KLH immunization, T cell response and cytokine measurement
Mice at 6-8 wk age were immunized in the hind footpad with 0.1 ml of 1:1 emulsion of CFA (Difco) and 1 mg/ml KLH (Sigma-Aldrich). One wk later draining popliteal LN cells were harvested, labeled with CFSE, and restimulated with titrating doses of KLH in vitro for 3 d. The proliferation of responding cells was then measured by CFSE dye-dilution, while the cytokine production was assessed with FlowCytomix Mouse Th1/Th2 10plex kit (eBioscience) following the manufacturer’s procedure. Cytokine production from isolated IEL cells was assessed similarly.
Treg/Th1/Th2/Th17 polarization and suppression assays
For in vitro polarization of Treg cells, naïve CD4+CD62-L+ cells were purified by MACS from splenocytes and stimulated with 1.6 μg/ml soluble anti-CD28 and plate-bound anti-CD3ϵ in the presence of 5 ng/ml TGFβ, 10 μg/ml anti-IL-4 and 10 μg/ml anti-IFNγ for 3 d. Cells were fixed in 4% paraformaldehyde/PBS prior to surface staining and flow cytometry analyses with standard protocols. Th1 (5 ng/ml IL-2, 10 ng/ml IL-12 and 10 μg/ml anti-IL-4), Th2 (10 ng/ml IL-2, 4 ng/ml IL-4, 10 μg/ml anti-IFNγ and 10 μg/ml anti-IL-12) and Th17 (30 ng/ml IL-6, 1 ng/ml TGFβ, 10 μg/ml anti-IFNγ and 10 μg/ml anti-IL-4) cells were polarized and assessed similarly. For Treg suppression assays, CD4 T cells were enriched from pooled spleen and LN cells by MACS. CD4+Foxp3-GFP+ Treg cells were then purified from these cells by sorting. Irradiated APC were prepared from C57Bl/6 splenocytes following red blood cell lysis and 200 Gray irradiation.

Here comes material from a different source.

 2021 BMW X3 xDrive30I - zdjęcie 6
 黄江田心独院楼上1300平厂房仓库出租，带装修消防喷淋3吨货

WT responder T cells were prepared from pooled spleen and LN cells from CD90.1 congenic mice by MACS, and were loaded with CFSE. Cell culture was set up in 96-well U-bottomed plates with 1 μg/ml soluble-anti-CD3ϵ at a final volume of 200 μl, and contained 5 × 104 WT responder cells, 2 × 105 irradiated APC, and titrating number of Treg cells to obtain 1:1 to 16:1 ratio of responder : Treg cells. The proliferation of WT responder T cells were assessed on d 3 by flow cytometry; division index was calculated using the FlowJo software (see Additional file1: Figure S2D for more detail).
When applicable, data were plotted as mean ± SEM with the p-values calculated using unpaired two-tailed Student’s t-test.

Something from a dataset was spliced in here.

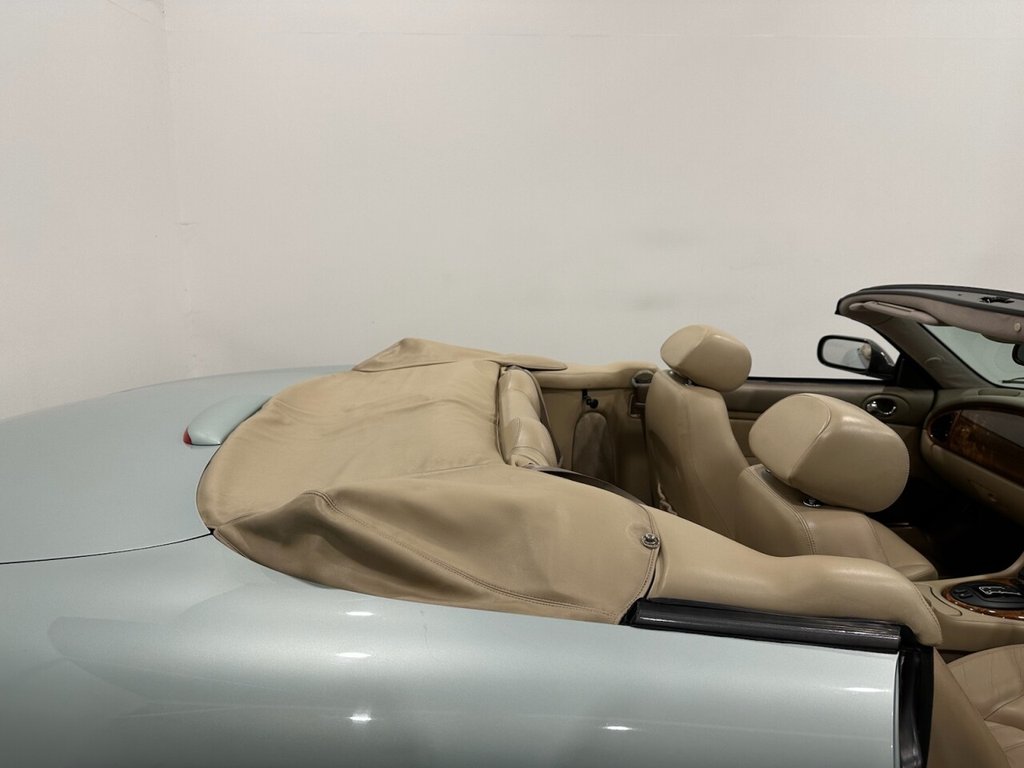 Used Jaguar XK8 2001 for sale - 77953257: Photo 21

Availability of supporting data
Gating strategies of flow cytometry analyses and additional data are available as online supplemental materials in Additional file1.

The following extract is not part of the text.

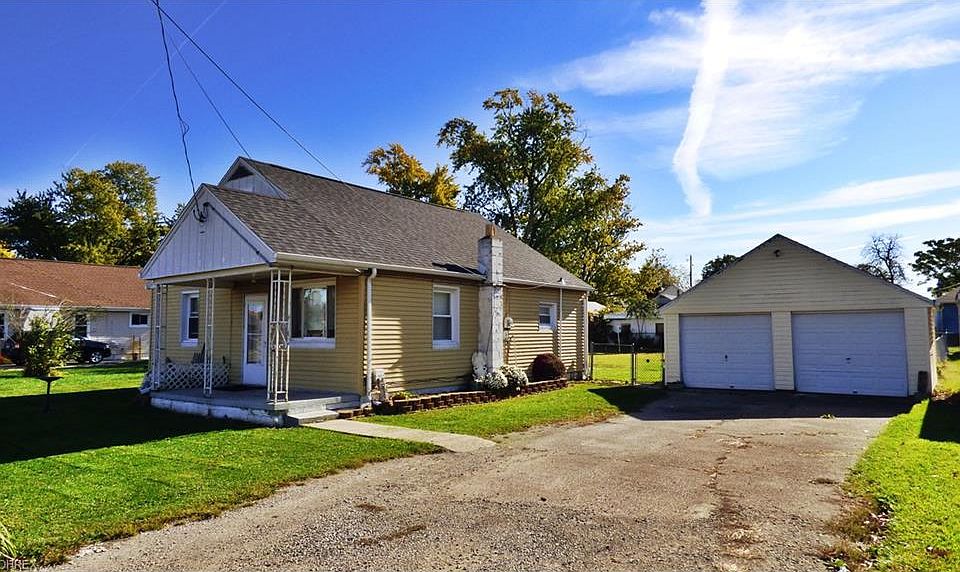 1st image of 816 Woodlawn Ave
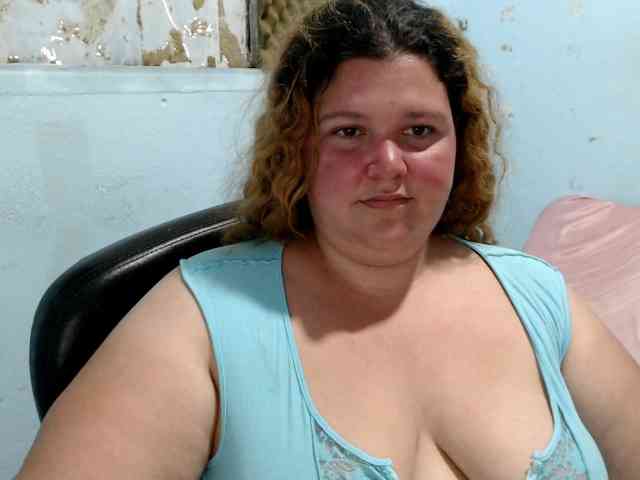 squirtbbw bongacams live cam model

CD4cre, CD4 promoter-driven Cre recombinase transgene CD4SP, CD4 single-positive; DSS, dextran sulfate sodium; E, number of independent experiment; IBD, inflammatory bowel disease; IEL, intra-epithelial lymphocyte; KLH, keyhole limpet hemocyanin; Lckcre, Lck proximal promoter-driven Cre recombinase transgene; LPL, lamina propria lymphocyte; LN, lymph node; MACS, magnetic-assisted cell sorting; MLN, mesenteric lymph node; NHRI, National Health Research Institutes; PP4, protein phosphatase 4; qPCR, quantitative PCR; Treg, regulatory T.